Study Design
The present analysis is a non-randomized, matched cohort analysis of longitudinal data, up to 2 years from baseline, among patients enrolled in THAOS. Details regarding the basic design and methodology of THAOS (ClinicalTrials.gov: NCT 00628745) are described elsewhere [20]. THAOS is an observational registry for which any individual with a confirmed TTR mutation or wild-type ATTR amyloidosis is eligible, and includes some patients participating in ongoing clinical trials [20]. All study sites received ethical or institutional review board approval prior to subject enrollment, and each subject provided written informed consent. The study followed the International Conference on Harmonisation Good Clinical Practice guidelines and the principles of the Declaration of Helsinki.
Study Population
This analysis included subjects with confirmed TTR mutations (subjects with wild-type ATTR were excluded) who were symptomatic at enrollment or became symptomatic post enrollment, and who had baseline data with at least one follow-up visit. Data were extracted from the THAOS database on January 6, 2015. Subjects with TTR mutations known to have a predominantly cardiac phenotype (i.e., Val122Ile, Ile68Leu, Leu111Met, and Thr60Ala) or who received any treatment (other than tafamidis) intended to target the course of the disease (i.e., liver transplant or diflunisal) pre-enrollment were excluded. The analysis was limited to subjects in Coutinho stage 1 (as defined by the modified Polyneuropathy Disability [mPND]) score, with subjects either having sensory disturbances in their feet but able to walk without difficulty [mPND score I], or having some difficulties walking but able to walk without aid [mPND score II] [21].

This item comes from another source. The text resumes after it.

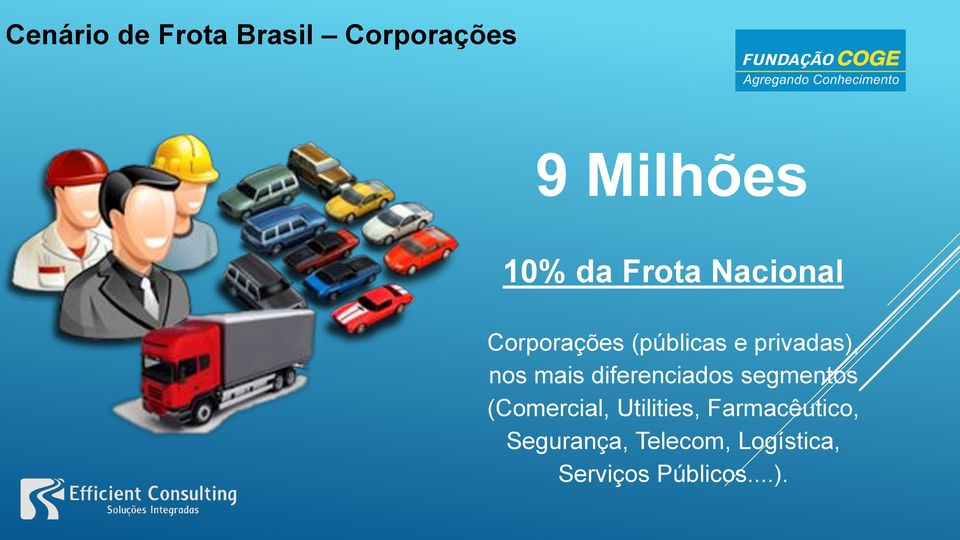 mais diferenciados segmentos (Comercial, Utilities,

For patients receiving tafamidis, dosage recommendations (including dosage strength and timing of the dosing) were based on the prescribing physician’s clinical judgment and the local approved product label, or the open-label study protocol for those patients receiving tafamidis as part of their participation in a clinical study (the indicated dose of tafamidis is 20 mg once daily) [22].

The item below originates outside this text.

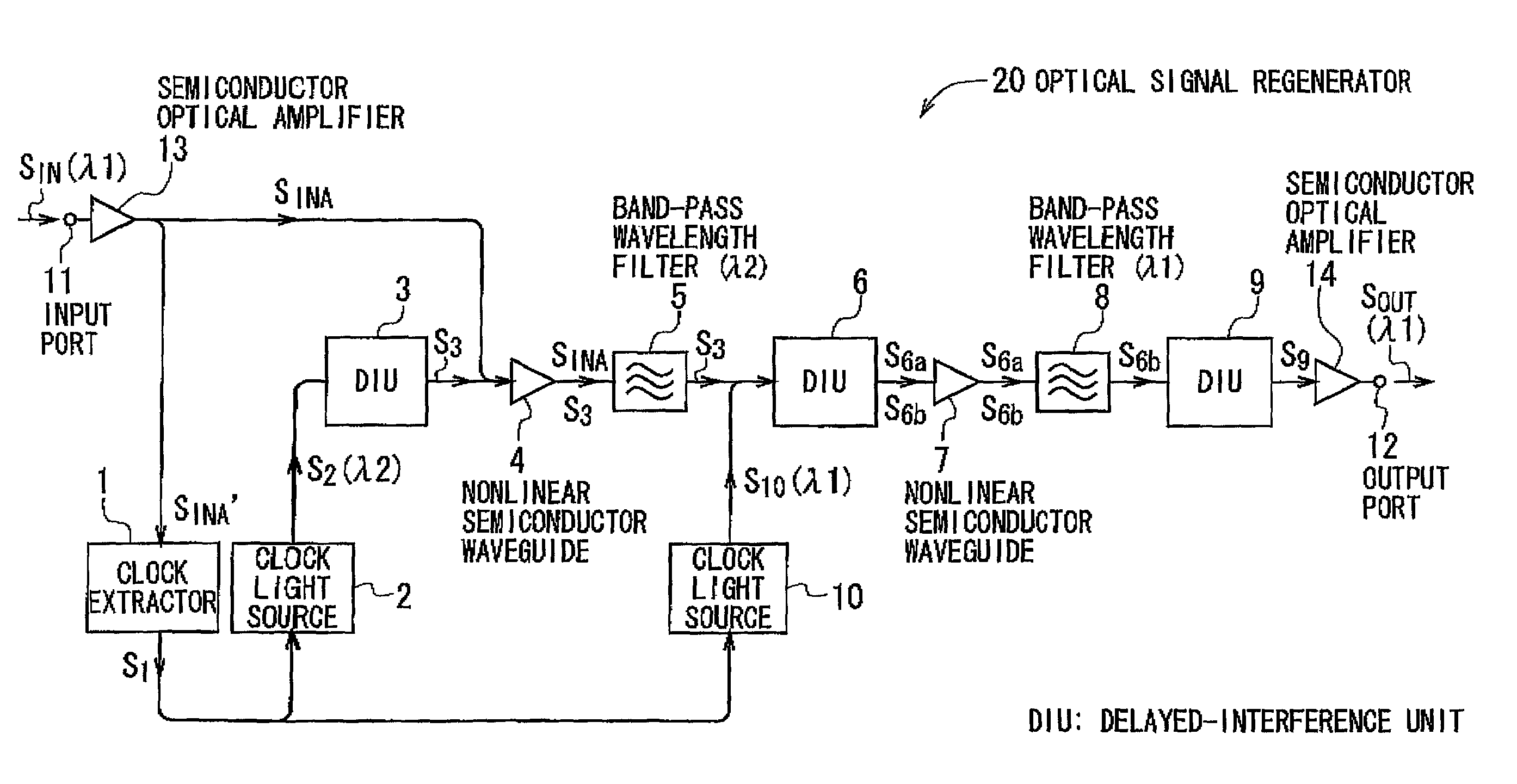Method and system for all-optical signal regeneration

Disease duration was calculated from the earliest onset date of any symptoms commonly associated with TTR-FAP that the treating physician had flagged as definitively or possibly attributable to the disease. An examination of disease duration at enrollment in all THAOS subjects identified a subgroup with unusually long disease duration, raising the possibility that these unusually long disease duration values could distort the multiple imputation and treatment propensity score models. Because disease duration was an important factor in the matching process, subjects in the highest quartile (≥ 8.6 years) were excluded from the analysis due to these concerns and concerns that there would be an insufficient number of appropriate matches for subjects who had been symptomatic for many years prior to enrollment in THAOS.
Outcome Measures
Subject data from the participating THAOS registry sites included medical, laboratory, neurologic, and quality-of-life assessments collected as part of the local standard of care [20]. The focus of the present analysis was disease progression, based on neurologic and quality-of-life assessments, and mortality. Outcome assessments performed at regular clinic visits were examined based on approximately 6-month intervals (± 3 months). Using data from the clinical neurologic examination, the Neurologic Composite Score (NCS; range 0–294, with higher scores reflecting worsening neurologic functioning) and subscale scores (NCS-Reflex [range 0–10, with items rated as present or absent], NCS-Motor [range 0–160, with items rated from 0 = no contractions to 5 = full range of motion and maximum resistance], NCS-Sensory [range 0–124, with items rated as normal, decreased, or absent]) were calculated as the sum of quantitative ratings for subjects’ neurologic assessments of both upper and lower limbs. The mapped Neuropathy Impairment Score-Lower Limbs (NIS-LL, range 0 [normal] to 88 [total impairment]) was calculated from a subset of neurologic assessment items for lower limbs and assesses function of the extremities most affected early in disease progression [23]. Coutinho stage was derived using the mPND (mPND score I or II equating to Coutinho stage 1; mPND score IIIa or IIIb equating to Coutinho stage 2), and time to progression from Coutinho stage 1 to stage 2 (or higher) was determined [21]. Total Quality of Life (TQoL) score (range − 4 to 136) was derived from the patient-reported Norfolk Quality of Life-Diabetic Neuropathy questionnaire, with higher scores reflecting poorer quality of life [23, 24]. The Karnofsky Performance Status Scale score was used to quantify the subjects’ ability to perform normal daily life activities and their need for assistance (ranging from 0 [dead] to 100 [normal; no complaints]).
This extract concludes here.